» Your goal: Retype, without any change, the first line of the records and every line after it through the one containing "Male shoe maker working".

------------------------------

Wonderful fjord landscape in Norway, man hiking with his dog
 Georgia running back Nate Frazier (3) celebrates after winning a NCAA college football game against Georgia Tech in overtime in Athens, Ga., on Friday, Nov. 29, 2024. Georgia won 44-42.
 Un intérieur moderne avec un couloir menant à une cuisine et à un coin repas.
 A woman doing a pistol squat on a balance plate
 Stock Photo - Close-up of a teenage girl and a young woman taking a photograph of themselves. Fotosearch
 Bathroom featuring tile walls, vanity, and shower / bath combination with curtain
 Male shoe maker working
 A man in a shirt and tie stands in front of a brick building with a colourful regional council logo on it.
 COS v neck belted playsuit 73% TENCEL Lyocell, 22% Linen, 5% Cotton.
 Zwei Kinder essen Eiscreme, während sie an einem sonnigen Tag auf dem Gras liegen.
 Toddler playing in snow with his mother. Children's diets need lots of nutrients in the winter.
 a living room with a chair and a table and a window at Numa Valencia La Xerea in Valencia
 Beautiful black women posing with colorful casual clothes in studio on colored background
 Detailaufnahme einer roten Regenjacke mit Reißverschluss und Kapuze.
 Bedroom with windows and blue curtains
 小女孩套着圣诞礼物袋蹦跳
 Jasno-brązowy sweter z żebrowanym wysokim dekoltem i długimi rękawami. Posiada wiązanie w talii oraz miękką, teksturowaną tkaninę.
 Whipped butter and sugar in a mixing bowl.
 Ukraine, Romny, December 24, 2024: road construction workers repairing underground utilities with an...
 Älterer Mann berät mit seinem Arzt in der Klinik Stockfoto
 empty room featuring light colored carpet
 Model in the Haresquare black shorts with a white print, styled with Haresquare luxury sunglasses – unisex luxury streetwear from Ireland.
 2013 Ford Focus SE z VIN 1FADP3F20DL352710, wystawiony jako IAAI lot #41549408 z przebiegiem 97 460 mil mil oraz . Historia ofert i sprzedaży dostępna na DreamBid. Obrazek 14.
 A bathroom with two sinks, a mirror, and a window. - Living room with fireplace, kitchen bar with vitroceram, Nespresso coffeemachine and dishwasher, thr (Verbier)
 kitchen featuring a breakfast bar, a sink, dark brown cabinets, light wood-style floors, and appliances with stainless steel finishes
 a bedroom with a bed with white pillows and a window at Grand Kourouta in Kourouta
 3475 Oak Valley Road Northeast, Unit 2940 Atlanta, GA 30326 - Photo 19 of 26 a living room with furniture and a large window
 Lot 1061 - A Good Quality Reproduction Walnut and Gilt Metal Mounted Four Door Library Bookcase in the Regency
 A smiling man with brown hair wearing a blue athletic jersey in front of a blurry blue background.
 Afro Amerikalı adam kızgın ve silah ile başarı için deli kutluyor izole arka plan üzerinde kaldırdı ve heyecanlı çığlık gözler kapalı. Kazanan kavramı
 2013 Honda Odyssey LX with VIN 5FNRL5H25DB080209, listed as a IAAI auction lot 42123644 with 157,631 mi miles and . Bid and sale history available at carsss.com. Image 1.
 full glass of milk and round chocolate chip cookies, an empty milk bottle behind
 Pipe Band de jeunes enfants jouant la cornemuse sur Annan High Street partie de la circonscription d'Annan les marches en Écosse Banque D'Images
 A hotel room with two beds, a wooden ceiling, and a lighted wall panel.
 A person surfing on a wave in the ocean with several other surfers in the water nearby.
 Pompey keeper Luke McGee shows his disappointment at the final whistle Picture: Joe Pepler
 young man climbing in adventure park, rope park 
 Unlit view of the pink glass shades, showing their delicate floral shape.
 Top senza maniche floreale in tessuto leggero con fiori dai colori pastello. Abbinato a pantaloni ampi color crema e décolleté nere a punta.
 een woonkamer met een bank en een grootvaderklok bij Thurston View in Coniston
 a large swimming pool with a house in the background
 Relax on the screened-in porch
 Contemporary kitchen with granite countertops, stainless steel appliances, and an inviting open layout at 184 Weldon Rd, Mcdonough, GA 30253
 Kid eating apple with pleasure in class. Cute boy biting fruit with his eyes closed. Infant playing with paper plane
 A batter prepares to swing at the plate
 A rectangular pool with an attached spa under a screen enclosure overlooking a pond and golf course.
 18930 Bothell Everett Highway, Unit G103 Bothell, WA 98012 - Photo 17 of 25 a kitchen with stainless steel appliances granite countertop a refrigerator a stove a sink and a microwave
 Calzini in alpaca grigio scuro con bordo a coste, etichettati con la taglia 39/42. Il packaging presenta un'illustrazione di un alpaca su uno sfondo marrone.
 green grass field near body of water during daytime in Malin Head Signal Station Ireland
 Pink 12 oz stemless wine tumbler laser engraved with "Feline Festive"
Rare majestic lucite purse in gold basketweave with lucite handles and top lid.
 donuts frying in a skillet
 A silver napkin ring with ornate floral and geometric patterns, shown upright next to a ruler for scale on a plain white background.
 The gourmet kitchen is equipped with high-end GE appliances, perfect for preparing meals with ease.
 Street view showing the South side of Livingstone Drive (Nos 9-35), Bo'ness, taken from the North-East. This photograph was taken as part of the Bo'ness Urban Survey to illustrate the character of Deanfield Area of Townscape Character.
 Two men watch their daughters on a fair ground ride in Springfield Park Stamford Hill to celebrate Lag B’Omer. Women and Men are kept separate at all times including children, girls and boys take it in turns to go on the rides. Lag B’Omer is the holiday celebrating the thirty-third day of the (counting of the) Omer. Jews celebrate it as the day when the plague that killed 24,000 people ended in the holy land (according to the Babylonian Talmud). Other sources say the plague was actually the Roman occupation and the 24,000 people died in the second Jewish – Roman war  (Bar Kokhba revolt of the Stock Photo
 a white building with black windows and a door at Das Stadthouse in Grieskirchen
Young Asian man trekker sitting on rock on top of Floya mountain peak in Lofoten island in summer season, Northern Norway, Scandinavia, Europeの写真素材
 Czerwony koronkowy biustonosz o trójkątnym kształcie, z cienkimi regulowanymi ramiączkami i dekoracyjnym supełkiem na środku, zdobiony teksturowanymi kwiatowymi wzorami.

------------------------------

» Expected answer:
Wonderful fjord landscape in Norway, man hiking with his dog
 Georgia running back Nate Frazier (3) celebrates after winning a NCAA college football game against Georgia Tech in overtime in Athens, Ga., on Friday, Nov. 29, 2024. Georgia won 44-42.
 Un intérieur moderne avec un couloir menant à une cuisine et à un coin repas.
 A woman doing a pistol squat on a balance plate
 Stock Photo - Close-up of a teenage girl and a young woman taking a photograph of themselves. Fotosearch
 Bathroom featuring tile walls, vanity, and shower / bath combination with curtain
 Male shoe maker working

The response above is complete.